Could the records below be restated word for word, without a single picture?

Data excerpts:
--------------------

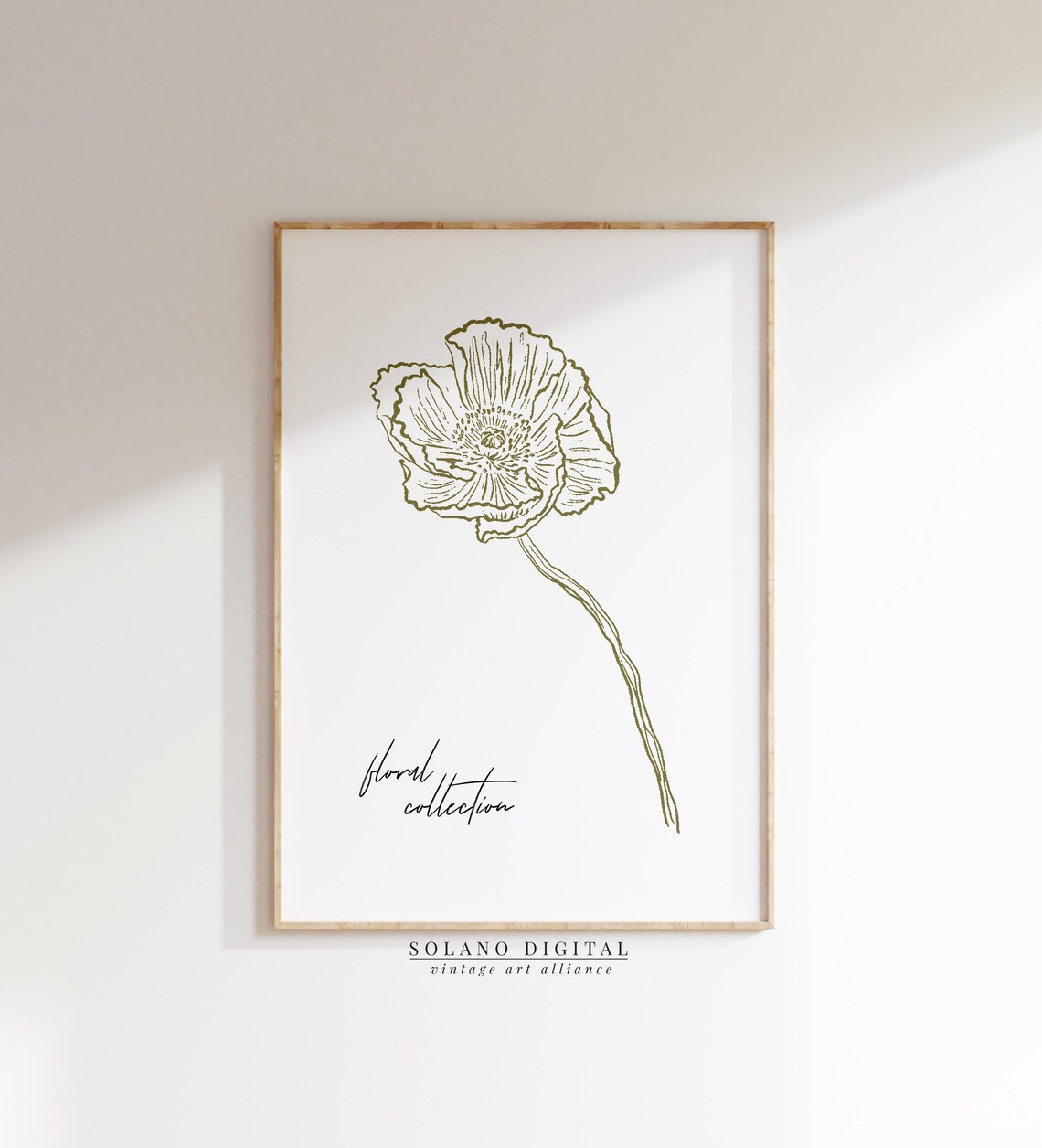 Minimalist Poppy Line Drawing Floral Collection Botanical Art Poster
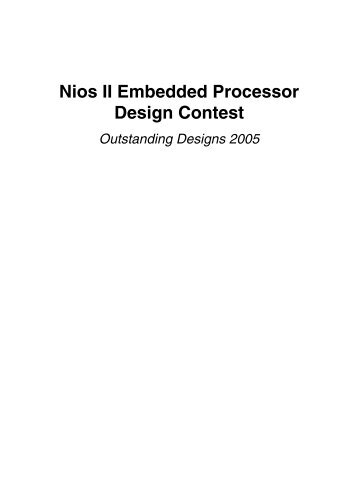 Nios II Embedded Processor Design Contest—Outstanding Designs ...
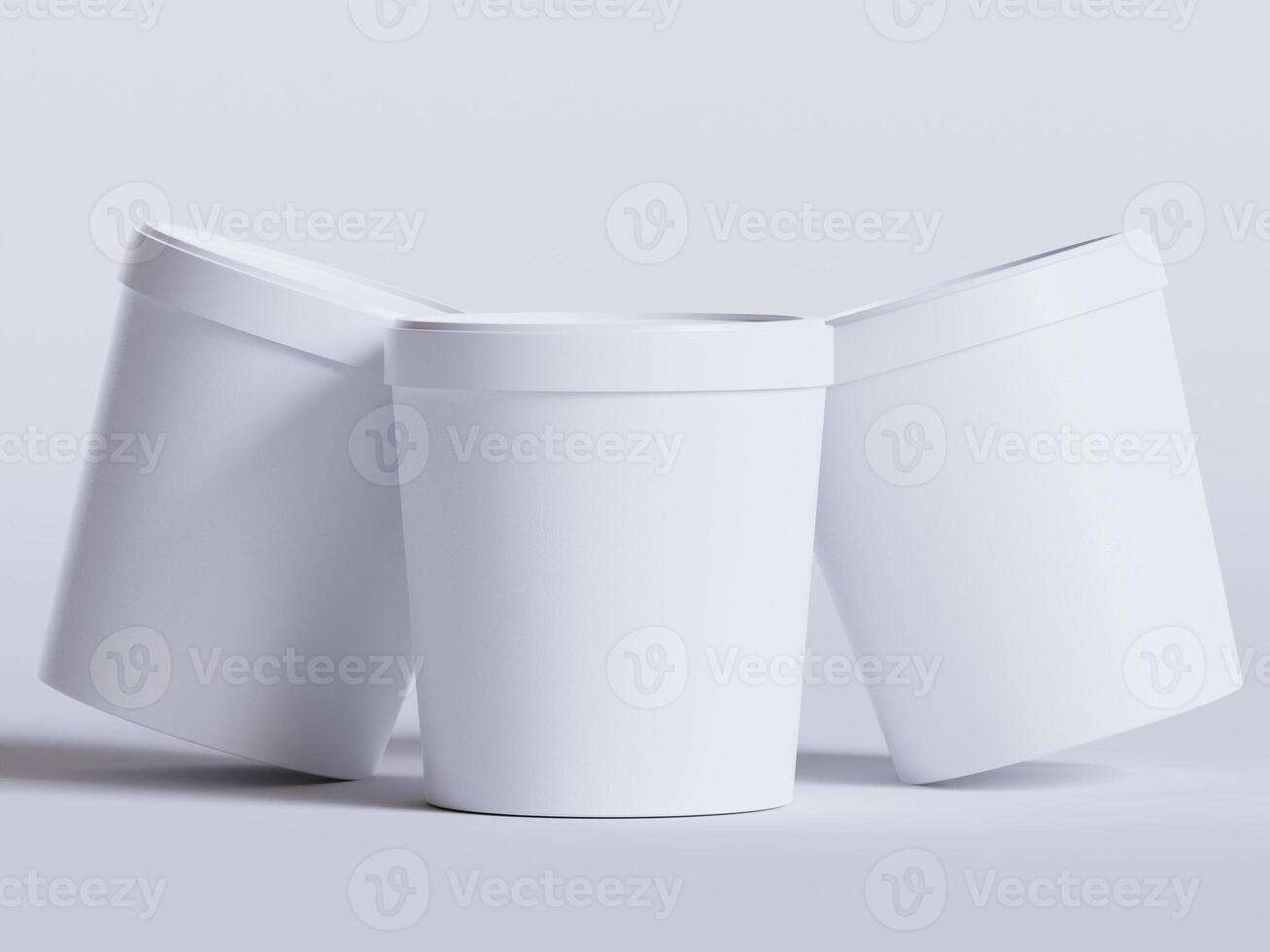 Round paper food packaging box, paper food container, 3d rendering, 3d illustration photo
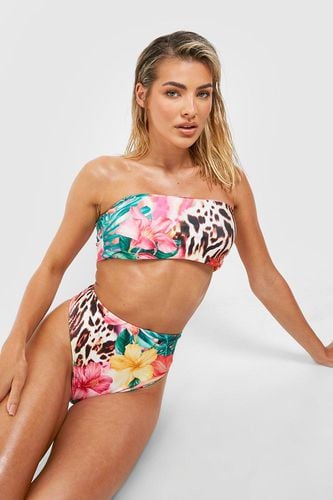Womens Tropical Animal High Waisted Bikini Brief - - 6 - boohoo - Modalova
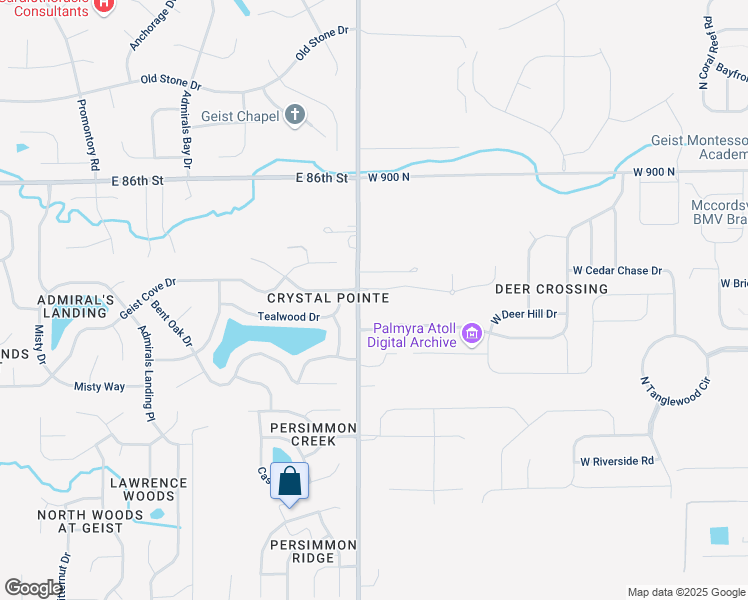 map of restaurants, bars, coffee shops, grocery stores, and more near 8733 Carroll Road 700 West in Indianapolis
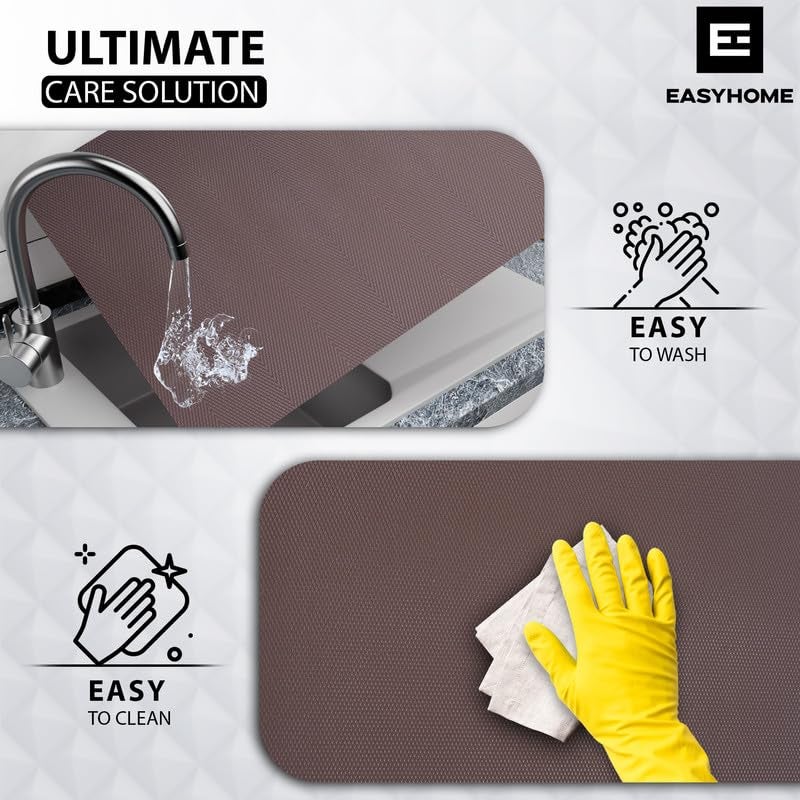 Easy Home EASYHOME Multipurpose EVA Anti-Slip Mat (45cm x 5 Meter, Brown) – Waterproof, Washable Shelf Liner Roll Sheet for Kitchen, Bathroom, Drawers, Cabinets, Fridge & Table Mat - Image 4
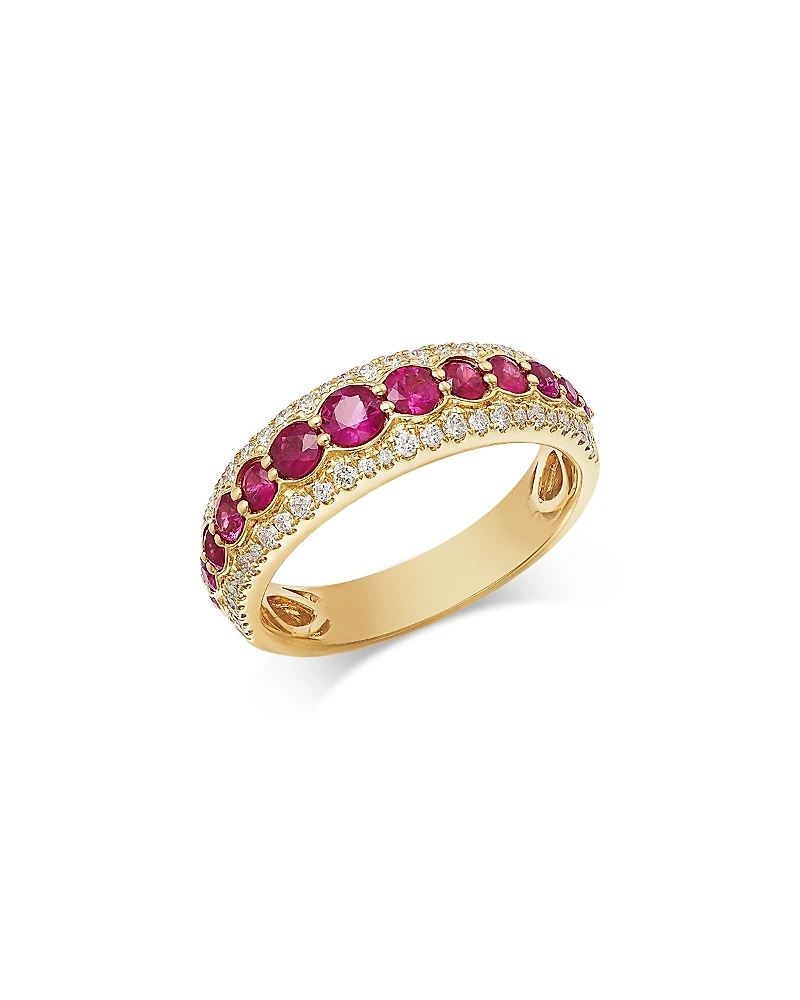 Bloomingdale's Fine Collection Ruby & Diamond Three Row Band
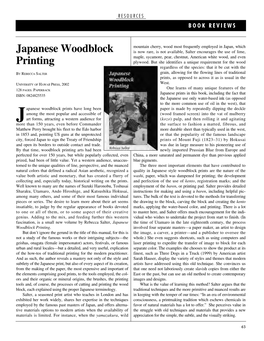 Japanese Woodblock Printing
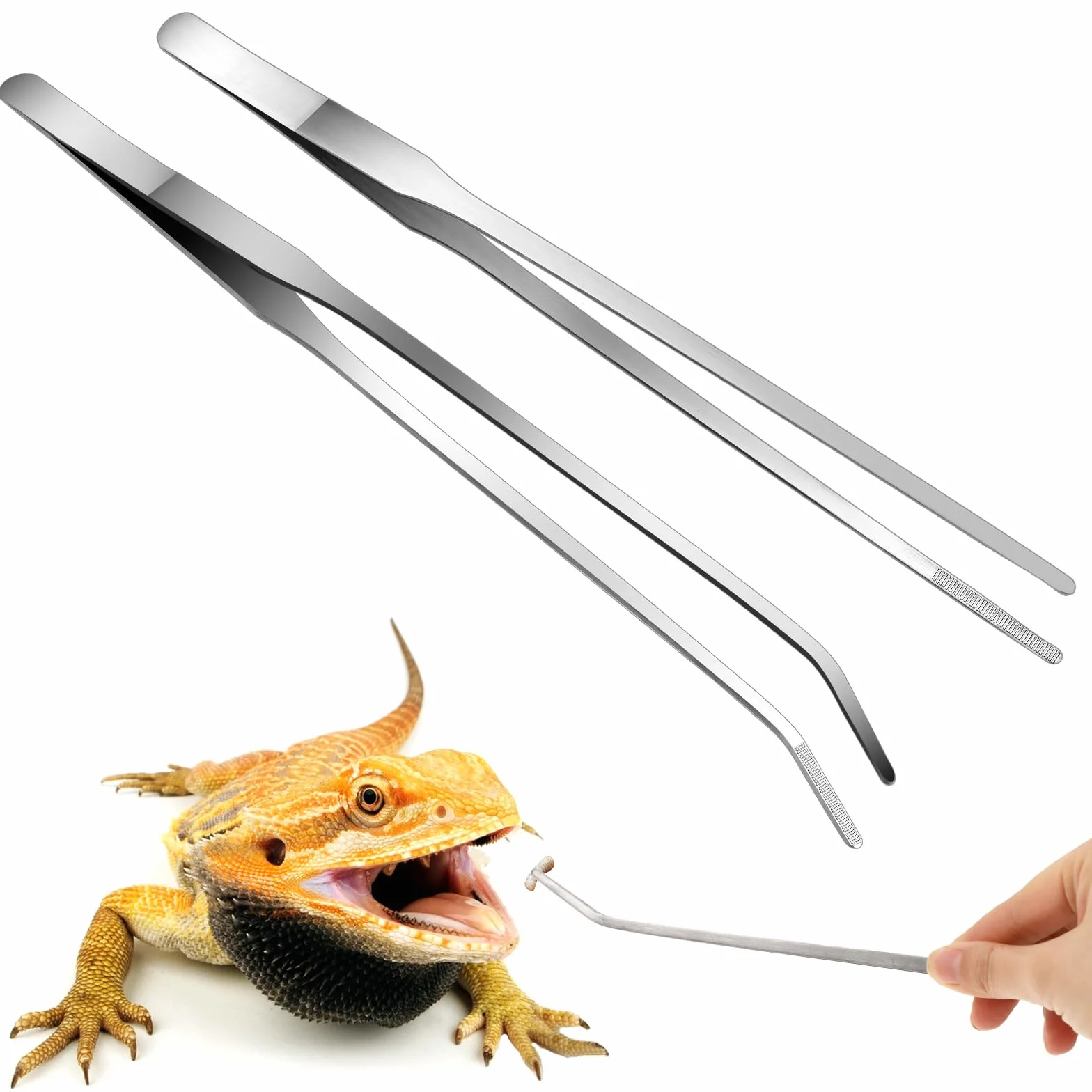 Pęseta do akwarium ze stali nierdzewnej, 27 cm, szczypce do karmy z gumową końcówką, prosta i zakrzywiona, narzędzie do karmienia do akwarium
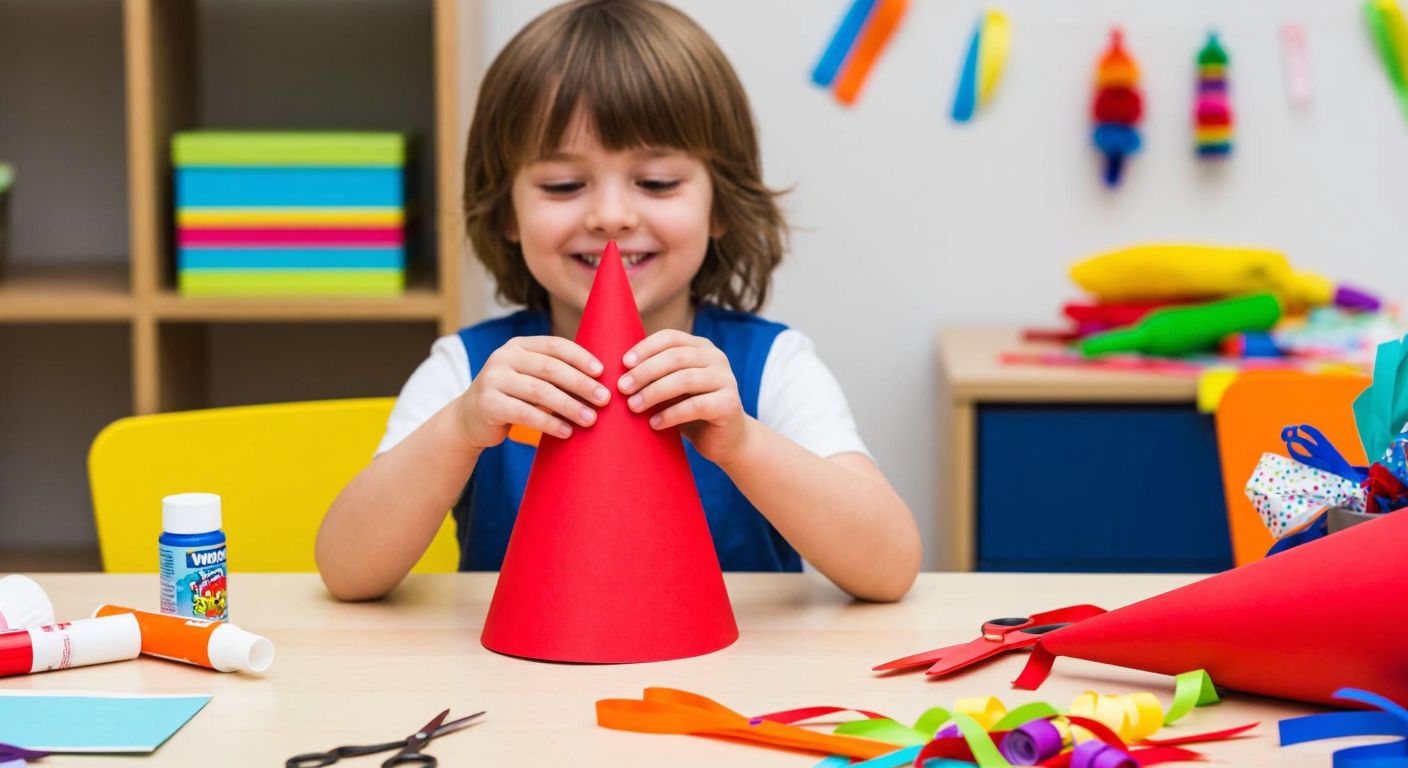A smiling child in a colorful room carefully folds a bright red paper into a party hat, surrounded by scattered craft supplies like scissors, glue, and ribbons.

--------------------

*Solution:*
 Minimalist Poppy Line Drawing Floral Collection Botanical Art Poster
 Nios II Embedded Processor Design Contest—Outstanding Designs ...
 Round paper food packaging box, paper food container, 3d rendering, 3d illustration photo
Womens Tropical Animal High Waisted Bikini Brief - - 6 - boohoo - Modalova
 map of restaurants, bars, coffee shops, grocery stores, and more near 8733 Carroll Road 700 West in Indianapolis
 Easy Home EASYHOME Multipurpose EVA Anti-Slip Mat (45cm x 5 Meter, Brown) – Waterproof, Washable Shelf Liner Roll Sheet for Kitchen, Bathroom, Drawers, Cabinets, Fridge & Table Mat - Image 4
 Bloomingdale's Fine Collection Ruby & Diamond Three Row Band
 Japanese Woodblock Printing
 Pęseta do akwarium ze stali nierdzewnej, 27 cm, szczypce do karmy z gumową końcówką, prosta i zakrzywiona, narzędzie do karmienia do akwarium
A smiling child in a colorful room carefully folds a bright red paper into a party hat, surrounded by scattered craft supplies like scissors, glue, and ribbons.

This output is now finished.